# Tetrahedron divided into Two Similar Tetrahedra and Two Equal Prisms

## Theorem

In the words of Euclid:

Any pyramid which has a triangular base is divided into two pyramids equal and similar to one another, similar to the whole and having triangular bases, and into two equal prisms; and the two prisms are greater than the half of the whole pyramid.

## Proof Let $ABCD$ be a tetrahedron whose base is $ABC$ and whose apex is $D$.

It is to be demonstrated that $ABCD$ can be divided into two equal tetrahedra which are similar to $ABCD$ and two equal prisms which form more than half $ABCD$.

Let $AB, BC, CA, A, DB, DC$ be bisected at the points $E, F, G, H, K, L$.

Let $HE, EG, GH, HK, KL, LH, KF, FG$ be joined.

We have that:

$AE = EB$
$AH = DH$
$EH \parallel DB$

For the same reason:

$HK \parallel AB$

Therefore $HEBK$ is a parallelogram.

$HK = EB$

But $EB = EA$.

Therefore:

$AE = HK$

But also $AH = HD$.

Thus:

$EA = KH$
$AH = HD$

and:

$\angle EAH = KHD$
$\triangle AEH = \triangle HKD$

For the same reason:

$\triangle AHG = \triangle HLD$
$\angle EHG = \angle KDL$

We have:

$EH = KD$
$HG = DL$

and:

$\angle EHG = KDL$
$\triangle EHG = \triangle KDL$

For the same reason:

$\triangle AEG = \triangle HKL$
the pyramid of which $AEG$ is the base and $H$ the apex is equal and similar to the pyramid of which $HKL$ is the base and $D$ the apex.

We have that $HK$ is parallel to $AB$, which is one of the sides of $\triangle ADB$.

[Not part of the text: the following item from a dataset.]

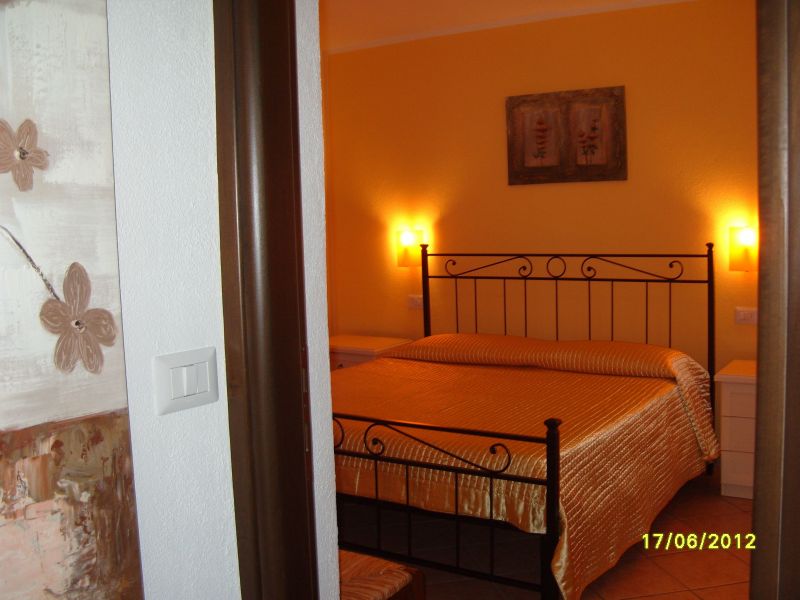 photo 25 Owner direct vacation rental Olbia appartement Sardinia Olbia Tempio Province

$\triangle ADB$ is equiangular with $\triangle DHK$

and their sides are proportional.

$\triangle ADB$ is similar to $\triangle DHK$.

For the same reason:

$\triangle DBC$ is similar to $\triangle DKL$

and:

$\triangle ADC$ is similar to $\triangle DLH$
$\angle BAC = \angle KHL$

We also have:

$BA : AC = KH : HL$

and so:

$\triangle ABC = \triangle HKL$

Therefore the pyramid of which $ABC$ is the base and $D$ the apex is similar to the pyramid of which $HKL$ is the base and $D$ the apex.

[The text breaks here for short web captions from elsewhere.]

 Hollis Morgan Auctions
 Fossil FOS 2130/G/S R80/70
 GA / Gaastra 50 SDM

But we have that the pyramid of which $AEG$ is the base and $H$ the apex is equal and similar to the pyramid of which $HKL$ is the base and $D$ the apex.

Therefore each of the pyramids $AEGH$ and $HKLD$ is similar to the pyramid $ABCD$.

We have that $BF = FC$.

We also have that the parallelogram $EFGH$ is double the triangle $GFC$.

$(1): \quad$ the prism contained by $\triangle BKF$, $\triangle EHG$ and the three parallelograms $EBFG, EBKH, HKFG$ is equal to the prism contained by $\triangle GFC$, $\triangle HKL$ and the three parallelograms $KFCL, LCGH, HKFG$.

By joining the straight lines $EF$ and $EK$, it can be seen that the prism in which $EBFG$ is the "base" and the straight line $HK$ is opposite it is greater than pyramid $EBFK$.

But the pyramid $EBFK$ equals pyramid $AEHG$ as they are contained by equal and similar planes.

Thus each of the two prisms in $(1)$ above is greater than each of the pyramids $AEGH$ and $HKLD$.

Thus these two prisms together are greater than the two pyramids $AEGH$ and $HKLD$ together,

But the whole pyramid $ABCD$ consists of these two prisms and these two pyramids.

$\blacksquare$

## Historical Note

This theorem is Proposition $3$ of Book $\text{XII}$ of Euclid's The Elements.